Empire State Building Rejects Request to Honor Mother Teresa; Catholic League Plans Protest

Video: Empire State building refused to honor Mother Theresa.

Today would have been the 100th birthday of Mother Teresa and her supporters plan to protest outside the Empire State Building tonight because the iconic building's management refuses to light the New York City skyscraper in her honor.

A Catholic group is rallying its troops after it says the building "stiffed" Mother Teresa, denying a request to light up the landmark in blue and white lights in commemoration of the Nobel Peace Prize winner's birth.

"To stiff Mother Teresa while giving this honor to every other Tom, Dick and Harry is not going to sit well with Catholics," said Bill Donohue, president of the Catholic League, which initiated the request for the commemorative lighting.

Video: Empire State building refused to honor Mother Theresa.
Mother Teresa Empire State celebration banned

The upper floors of New York's tallest building are often lit in festive colors for special occasions.

Three months after Catholic League officials submitted an application, its leaders say, they were stunned to receive a rejection. No explanation was given to them.

The building's management told ABC News today, "The Empire State Building celebrates many cultures and causes in the world community with iconic lightings.

"Although ESB has a tradition of lightings for the religious holidays of Easter, Eid al-Fitr, Hanukkah, and Christmas, our lighting partnership guidelines -- with which all organizations must agree as a condition for submitting an application -- state clearly that we do not accommodate requests for religious figures or requests by religions and religious organizations."

Since the rejection, Donohue, a well-known and often-polarizing figure involved in Catholic-American issues for nearly two decades, has mounted an ever-louder campaign to convince the building's owners to reverse their decision.

The league has now gathered more than 40,000 signatures, enlisted the support of several New York City council members, including the council speaker, and vowed to gather thousands of Catholics to demonstrate on the street outside the Empire State Building today.

Malkin Holdings, the building's owner, was silent on the matter until June, releasing a statement just before two City Council members held a news conference on the steps of City Hall.

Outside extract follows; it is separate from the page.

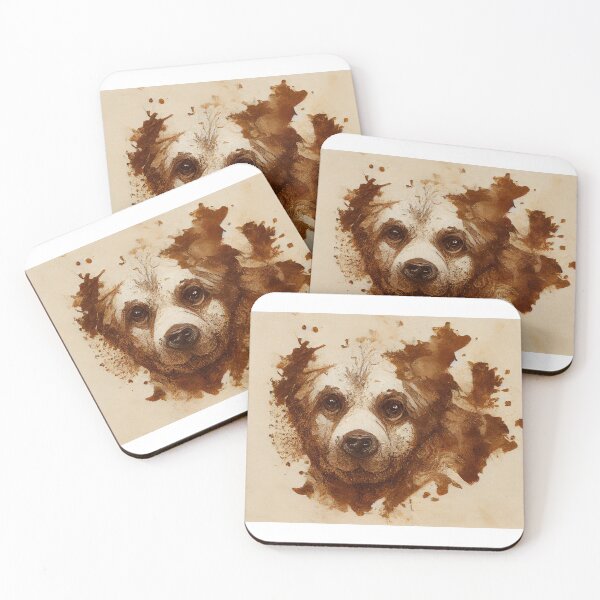 Item preview, Copy of Abstract Art of a Dog in Coffee Stain Form - Created by Artificial Intelligence designed and sold by Created-by-AI.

They announced a council resolution asking Malkin to reverse course.

A terse, written statement from Anthony Malkin, CEO and president, said "as a privately owned building, ESB has a specific policy against any other lighting for religious figures or requests by religions and religious organizations."

The Catholic League and its allies called the long-awaited statement less than illuminating. "Malkin is either misinformed or he is lying," said Donohue, adding that John Cardinal O'Connor's death was recognized with red and white lighting in 2005.

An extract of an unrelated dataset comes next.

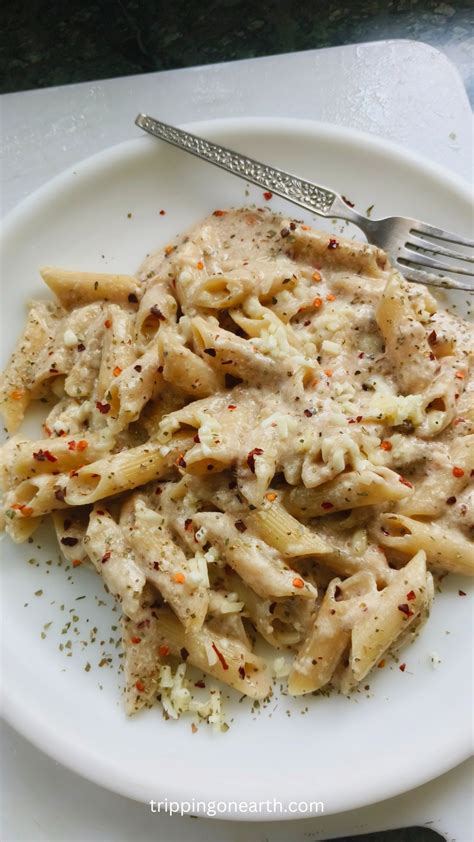 Penne Pasta With Alfredo Sauce Extremely Creamy Tripping On Earth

The death of Pope John Paul II was marked with a dimming of the lights overnight.

Secret Selection Process

Malkin Holdings took over the Empire State Building in 2006 but some iteration of the company has held ownership in the building since 1961, when Anthony Malkin's grandfather purchased it with Harry Helmsley.

The company does not post information on its website about how it chooses from among the voluminous applications it receives each year. When asked about it during a media tour of the building last month, a spokeswoman said "no comment."